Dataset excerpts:
=-=-=-=-=

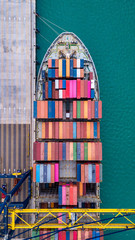 Cargo ship, loading and unloading goods at the deep sea port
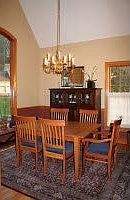Dining room with vaulted ceiling, dramatic arched window
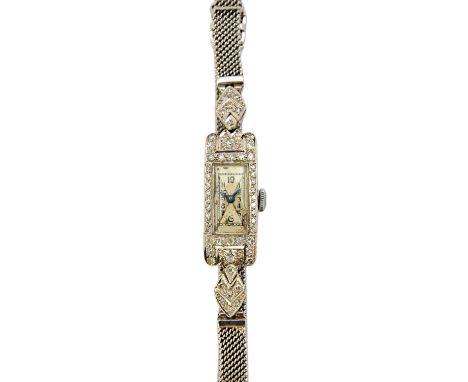 A lady's platinum cased and diamond set rectangular cased dress wristwatch, with a jewelled Swiss movement, the case surround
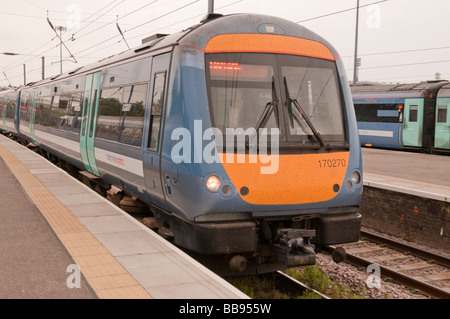 National Express DMU  type 170 turbostar arrives  at Norwich station with HST carriages in the background Stock Photo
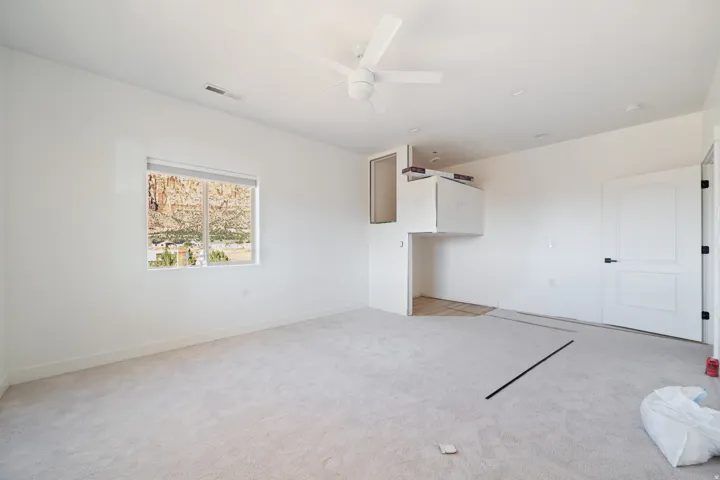 Unfurnished living room with light carpet and ceiling fan
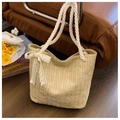 Beige straw woven tote bag with white lace bow and thick rope handles for beach vacation - Khaki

=-=-=-=-=

ABOUT THIS TASK
Copy each of the entries above precisely, and drop whatever pictures they hold.

SOLVED EXERCISE
 Cargo ship, loading and unloading goods at the deep sea port
Dining room with vaulted ceiling, dramatic arched window
 A lady's platinum cased and diamond set rectangular cased dress wristwatch, with a jewelled Swiss movement, the case surround
 National Express DMU  type 170 turbostar arrives  at Norwich station with HST carriages in the background Stock Photo
 Unfurnished living room with light carpet and ceiling fan
 Beige straw woven tote bag with white lace bow and thick rope handles for beach vacation - Khaki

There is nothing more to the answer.